In the purely abstract sense, I don't think there is an foolproof algorithmic answer to your question since it boils down to: "How do I distinguish dataA from dataB if I know nothing about either of them?". There will always be the potential for dataA to be indistinguishable from dataB. That said, I would start with the simple and only add complexity as needed. For example, if examining the first five rows, for a given column (or columns) if the datatype in rows 2-5 are all the same but differ from the datatype in row 1, there's a good chance that a header row is present (increased sample sizes reduce the possibility of error). This would (sorta) solve #1/#3 - perhaps throw an exception if the rows are all populated but the data is indistinguishable to allow the calling program to decide what to do next. For #2, simply don't count a row as a row unless and until it pulls non-null data....that would work in all but an empty file (in which case you'd hit EOF). It would never be foolproof, but it might be "close enough".

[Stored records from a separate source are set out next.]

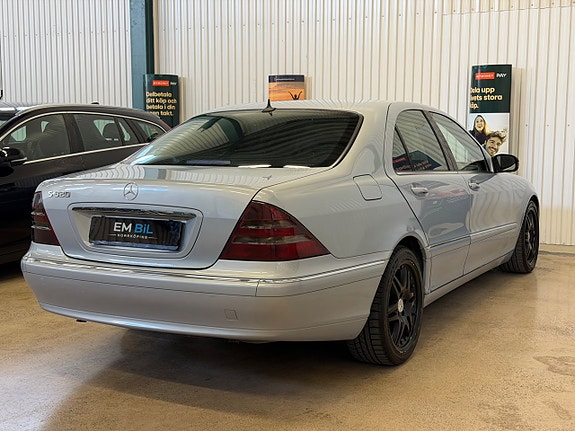 Mercedes-Benz S320 7 of 19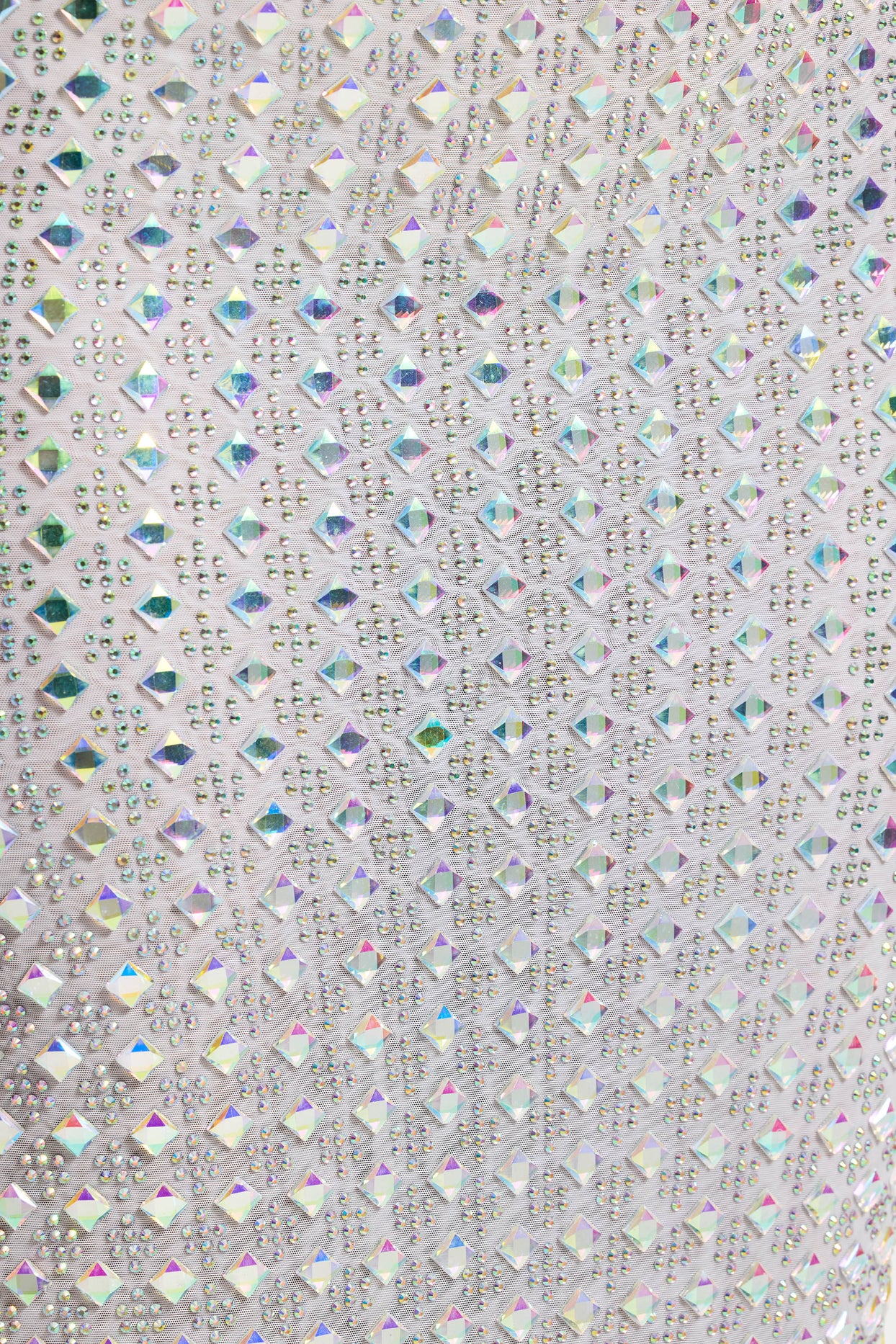 Krótki top w kolorze srebrnym ze zdobionym kwadratowym dekoltem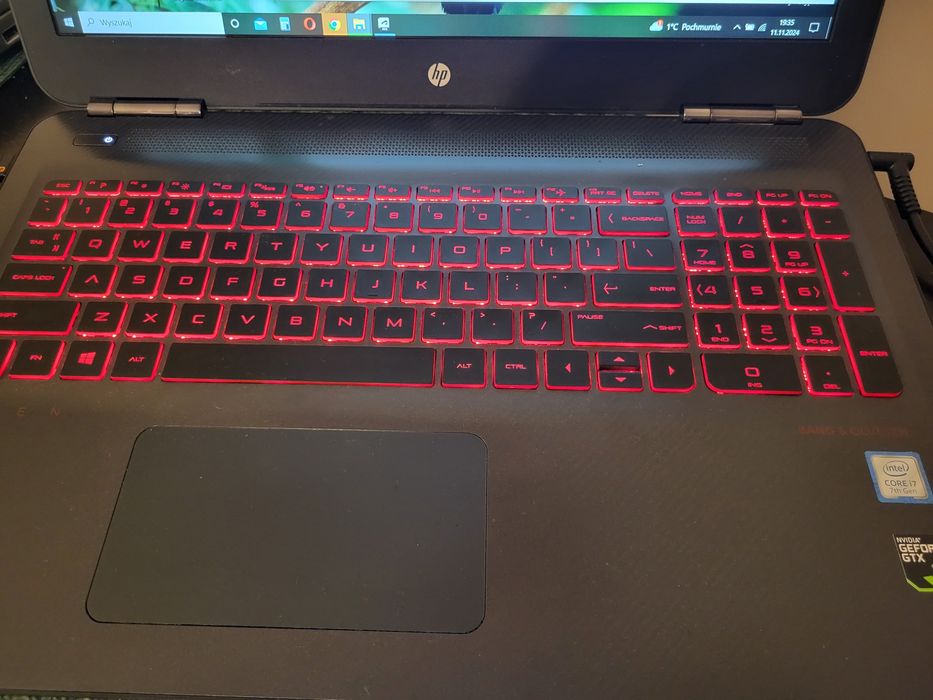 Laptop gamingowy HP OMEN 15T-AX200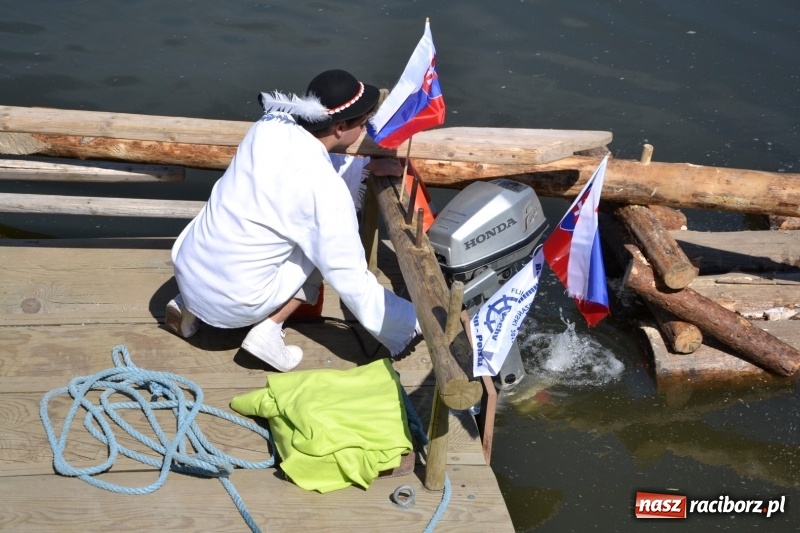 Zdjęcie w galerii na portalu naszraciborz.pl: Flisacy na Meandrach Odry w Chałupkach  wiadomości z regionu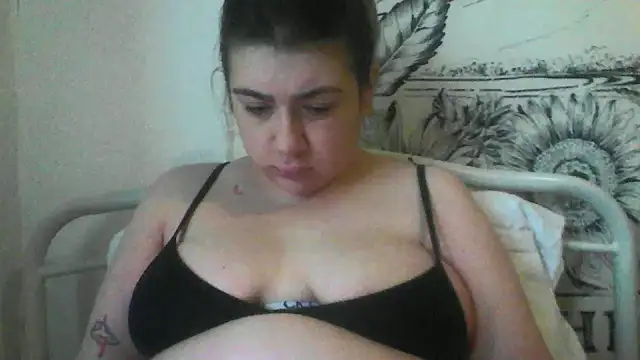 Snapshot of CamilaCherryX chatting on 6, 10, 2025 CamilaCherryX online show from 6, 10, 2025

It really depends on just how "general" you want your tool to be. If the data will always be numeric, you have it easy as long as you assume non-numeric headers (which seems like a pretty fair assumption).
But beyond that, if you don't already know what patterns are present in the data, then you can't really test for them ahead of time.
FWIW, I actually just wrote a script for parsing out some stuff from TSVs, all from the same source. The source's approach to headers/formatting was so scattered that it made sense to just make the script ask me questions from the command line while executing. (Is this a header? Which columns are important?). So no automation, but it let's me fly through the data sets I'm working on, instead of trying to anticipate each funny formatting case. Also, my answers are saved in a file, so I only have to be involved once per file. Not ideal, but efficient.
This article provides some good guidance:
Basically, you do statistical analysis on columns based on whether the first row contains a string and the rest of the rows numbers, or something like that.
http://penndsg.com/blog/detect-headers/
If you CSV has a header like this.
ID, Name, Email, Date
1, john, john#john.com, 12 jan 2020
Then doing a filter_var(str, FILTER_VALIDATE_EMAIL) on the header row will fail. Since the email address is only in the row data. So check header row for an email address (assuming your CSV has email addresses in it).
Second idea.
http://php.net/manual/en/function.is-numeric.php
Check header row for is_numeric, most likely a header row does not have numeric data in it. But most likely a data row would have numeric data.
If you know you have dates in your columns, then checking the header row for a date would also work.
Obviously you need to what type of data you are expecting. I am "expecting" email addresses.